## Aim of the exercise
Quote the lines below exactly, from the one that holds "Shredder cabbage for" through the final line of the records, and only those.

## Supplied material
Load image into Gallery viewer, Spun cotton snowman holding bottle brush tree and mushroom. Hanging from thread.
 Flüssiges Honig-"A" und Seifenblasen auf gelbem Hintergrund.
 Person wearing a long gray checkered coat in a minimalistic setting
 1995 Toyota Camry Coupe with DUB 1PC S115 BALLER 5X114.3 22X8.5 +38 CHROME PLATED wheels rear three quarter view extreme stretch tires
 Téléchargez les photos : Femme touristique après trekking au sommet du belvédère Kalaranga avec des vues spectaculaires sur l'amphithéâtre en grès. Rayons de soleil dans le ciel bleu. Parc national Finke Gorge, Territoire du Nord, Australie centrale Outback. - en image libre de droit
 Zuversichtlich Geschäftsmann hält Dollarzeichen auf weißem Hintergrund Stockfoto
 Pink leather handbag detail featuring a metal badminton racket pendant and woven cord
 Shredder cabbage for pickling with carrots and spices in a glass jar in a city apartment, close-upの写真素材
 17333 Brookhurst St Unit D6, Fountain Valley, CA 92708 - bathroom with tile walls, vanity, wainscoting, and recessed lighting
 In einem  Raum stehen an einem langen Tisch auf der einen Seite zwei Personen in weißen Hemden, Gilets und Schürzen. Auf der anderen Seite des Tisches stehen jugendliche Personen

## Answer space
 Shredder cabbage for pickling with carrots and spices in a glass jar in a city apartment, close-upの写真素材
 17333 Brookhurst St Unit D6, Fountain Valley, CA 92708 - bathroom with tile walls, vanity, wainscoting, and recessed lighting
 In einem  Raum stehen an einem langen Tisch auf der einen Seite zwei Personen in weißen Hemden, Gilets und Schürzen. Auf der anderen Seite des Tisches stehen jugendliche Personen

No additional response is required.